- 380 Jackson St, Saint Paul, MN United States

Information
- Type: Private, Coeducational, Non-denominational
- Motto: A World Class Education. Literally.
- Established: 2003
- Head of school: John Belpedio
- Faculty: ~35
- Enrollment: ~270 (2016-2017) (approx. 95% international)
- Classes: 14 AP courses
- Average class size: 3-22
- Student to teacher ratio: 1:15
- Colors: Navy Blue, Orange, and White
- Tuition: ~$10,500 (domestic students), Varies (international students) (financial aid up to 50%)
- Website: www.stpaulprep.org

= Saint Paul Preparatory School =

St. Paul Preparatory School, formerly known as Nacel International School, is a private college school in Saint Paul, Minnesota, United States. It is also a part of the Nacel International School System. Founded in 2003 by US-based student exchange organization Nacel Open Door, it recruits students from more than 50 countries worldwide. All international students are placed in host families, where they will live for five to ten month periods while the school is in session.

The enrollment at St. Paul Preparatory School resides from more than 50 countries.

Host families from the metropolitan Twin Cities provide housing for the international students who attend the school. These host families provide shelter, food, and transportation while supporting the study habits of the students and offering an understanding of the American way of life. Students are provided an unlimited metro/bus pass to commute to and from school and visit local attractions such as the Mall of America.

In 2014, St. Paul Preparatory School founded three diploma programs in STEM, Visual Arts, and International Business.

The 'Visual Arts Program' diploma includes a rigorous product oriented portfolio that students develop for public presentation and sale. Students produce artistic creations derived from current inspirational motivation for competition, public display, and commercial marketing.

The 'International Business Program' diploma provides the skills and knowledge necessary to understand, develop, and discuss economic concepts from a micro and macro level. In depth finance concepts of managing and operating a business, as well as hands-on learning through internship based opportunities, provide an exciting and interesting first hand view of the capitalist system.

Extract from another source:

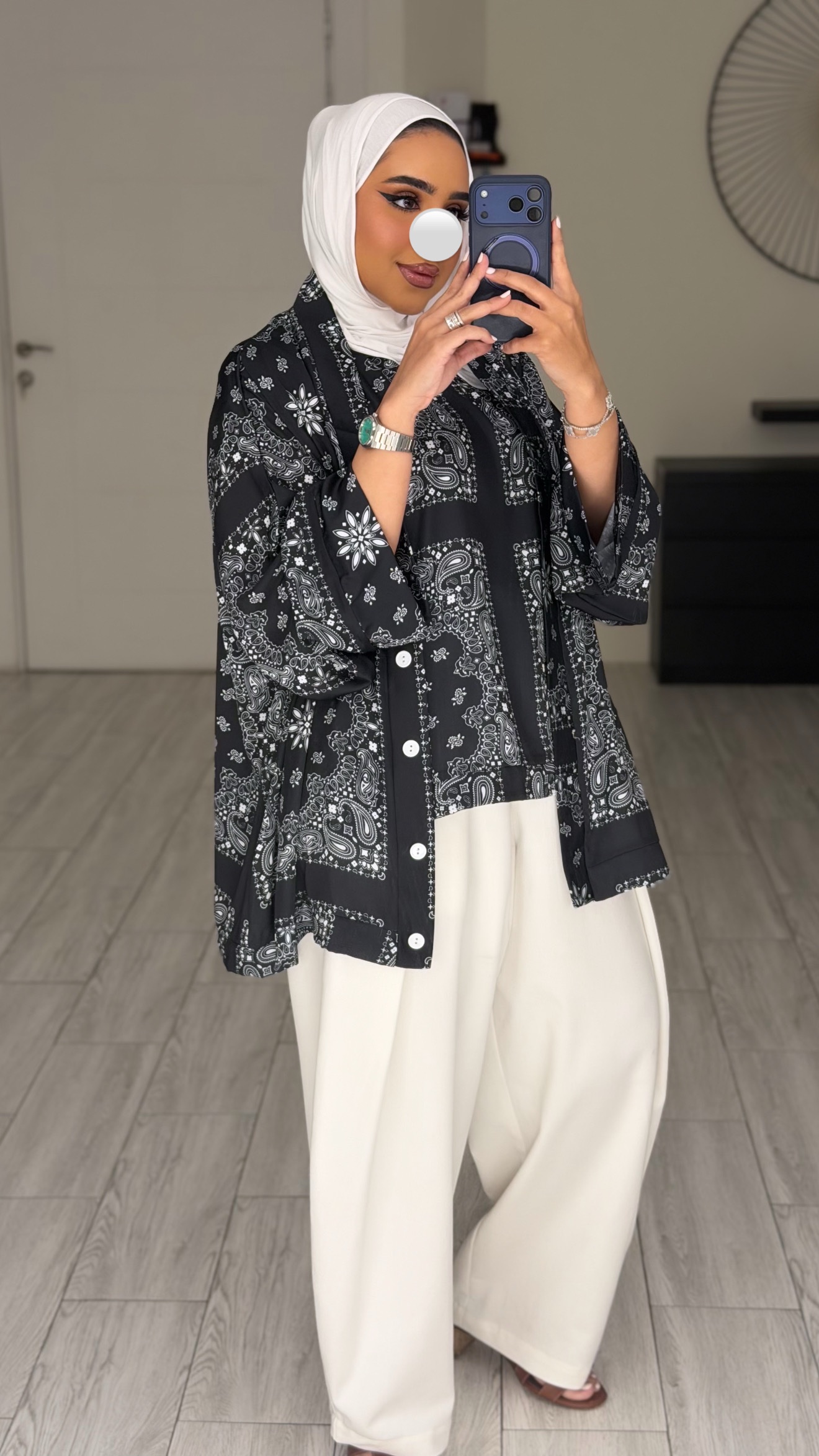 Bandana Silk - Black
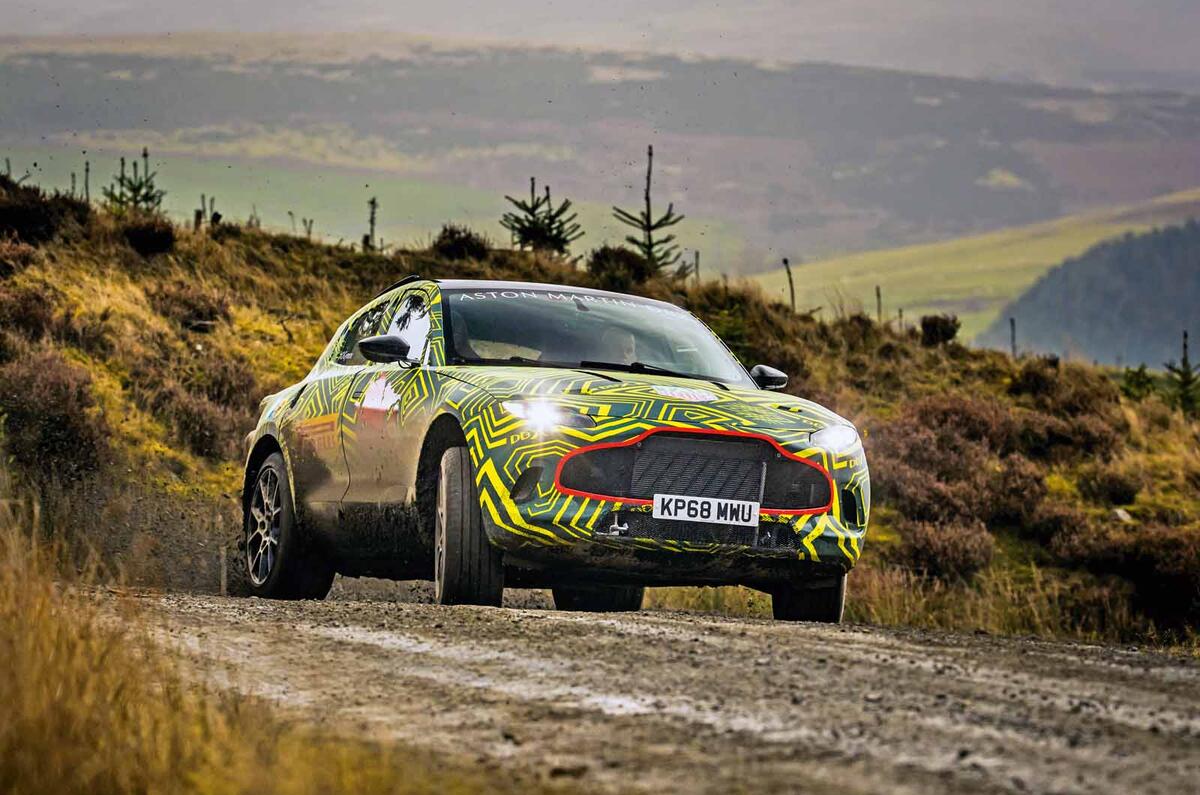Aston Martin DBX testing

In 2015, a fourth diploma program was added. The 'Global Leadership Program' combines the communication skills needed for oral argument, speech communications, and problem-solving skills to emphasize leadership and issue-oriented critical thinking.

The school is organized around the diploma programs that provide a focus for the education of all students. Many students attend the school for one year and not able to participate in the diploma programs due to graduation requirements.

==Branch campuses==
After opening St. Paul Preparatory School in 2003, Nacel International School System opened up other campuses around the world for schools modeled after its St. Paul Preparatory school.

Its branch schools are located in China (Saint Paul American School), South Korea (Saint Paul International School), Philippines, Vietnam, Turkey and France(Notre-Dame International High School). A sister school is located in Poland.